Looking For Connections

Sharing is good

In just about any social situation that we enter, we look for connections to others.  It’s a bit like a game of ‘where do I know you from’, but truly it’s a search for shared context.

Connections make you feel like you belong to the same club and that’s really what we long for, to belong.  To make a deeper connection, by seeing if one already exists.

Situations are important

It might just be that you begin the conversation based on the fact that you are both sharing this moment of time and place.  Shared moments provide you with enough of a connection to get the ball rolling and eventually you discover other points of connection; another time, another place, another person.  This matters.

Ask and Listen

You know what it’s like to be with someone who seems less than generous socially.  The person who continues to talk about what they do for work or tells you stories about something exciting they have going on in their life all without ever really asking about you, your interests, or what you have going on.

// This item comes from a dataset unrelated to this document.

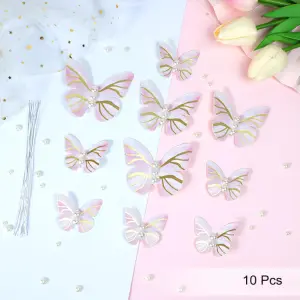 10 pcs Paper Butterfly with pearl detail topper set (Light Pink)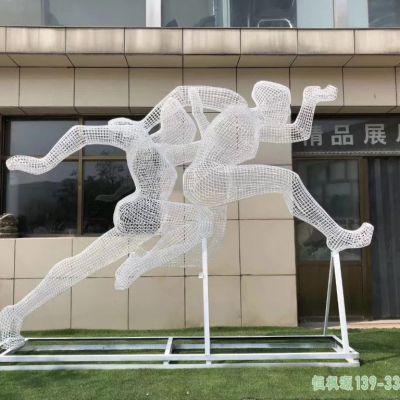不锈钢跳远人物园林雕塑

It’s not that we’re selfish or need to get our words in, but it’s a conversation and we know when it feels unbalanced.  It’s good to remember that ourselves.

What we look for, the questions we ask in order to make connections, are simple and you know them.

“Where are you from?”

“How do you know ______?”

“What do you do for work?”

This is a simple example of using a shared moment in time or discovering what else you might share.

Intention Is Everything

The intention in finding these connections, has to be about building a relationship and discovering if you can be helpful to them in some way.

If you’re fishing for the one tie in that will let you spew forth your stories, your sales pitch you quickly become, “that guy” and people will see right through that.

And Your Business?

It’s important to think about how your product or service fits in different situations.  Look for tie-ins that make sense.

The key in all of this is finding ways to listen to and learn from your customers, in order to discover if you have a shared context, a person, place or moment in time that connects you and makes building a relationship relevant.

More importantly we have to recognize the situations we find ourselves in as opportunities for discovering what we share.  Shared context is the foundation for all of our relationships.

How do you discover what you share with your customers?